Nonlinearity in US macroeconomic time series

Pages 1601-1609 | Published online: 08 Jan 2010
 

Abstract

In this study, we evaluate the linearity of 170 major monthly US macroeconomic time series spanning the years 1959–2002. Employing the linearity test recently proposed by Harvey et al. (Citation2008), which is applicable when the order of integration is uncertain, we determined that more than half of the macroeconomic time series were nonlinear. In particular, approximately 75% of the time series in nominal prices, wages and money category were determined to be nonlinear, whereas the least abundant evidence, corresponding to approximately 43% of the series, was detected in the category of construction, inventories and order.

Acknowledgements

This work was supported by Research Program 2010 of Kookmin University in Korea.

Notes

1Many other linearity tests have been developed in the literature. The tests generally assume that the variables under examination are either stationary I(0) or nonstationary I(1). Because of space considerations, we do not present here the number of other available linearity tests; see Yoon (Citation2009) for some references.
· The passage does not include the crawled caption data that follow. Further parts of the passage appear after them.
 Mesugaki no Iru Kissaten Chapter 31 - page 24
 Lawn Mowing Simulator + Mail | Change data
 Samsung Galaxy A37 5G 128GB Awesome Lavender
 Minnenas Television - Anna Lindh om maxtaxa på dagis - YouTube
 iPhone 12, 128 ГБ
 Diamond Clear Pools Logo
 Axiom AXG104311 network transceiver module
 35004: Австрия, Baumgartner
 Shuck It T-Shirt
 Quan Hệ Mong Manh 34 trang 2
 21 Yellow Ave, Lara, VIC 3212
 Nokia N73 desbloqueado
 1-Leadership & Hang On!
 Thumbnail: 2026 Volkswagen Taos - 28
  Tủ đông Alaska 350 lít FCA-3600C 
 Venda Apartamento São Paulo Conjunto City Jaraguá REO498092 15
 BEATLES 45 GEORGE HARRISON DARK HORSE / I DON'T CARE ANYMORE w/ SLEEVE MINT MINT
2To implement the W λ linearity test, I use the GAUSS program, which is available at http://www.bepress.com/snde/vol12/iss3/art2/.

3For the full sample period, the number of observations is 528. The least number of available observations is 412. Additionally, only seven time series, six interest rates and S&P's composite common stock/price-earning ratio [fspxe] are explicitly denoted as not seasonally adjusted; see the appendix in Marcellino et al. (Citation2006). Note that the DRI BASIC mnemonic is provided in square brackets throughout this study.

4Industrial production index – total index [ips10] is also found to be nonlinear at a significance level of 10%.

5naics stands for the North American Industry Classification System, which replaced the Standard Industrial Classification from January 2003.

6They are ips18, gmcnq, msnq and rtnrq, respectively. The exceptions are industrial production and capacity utilization of nondurable manufacturing, ipd versus ipn and utl13 versus utl25. Personal consumption expenditure on new cars [gmcanq] is also nonlinear.

7Lundbergh et al. (Citation2003) instead employ ‘Employment: ratio; help-wanted ads: no. unemployed clf’ [lhelx] and estimate their time-varying STAR model. By way of contrast, we find here that the time series lhelx is linear by the Wλ test.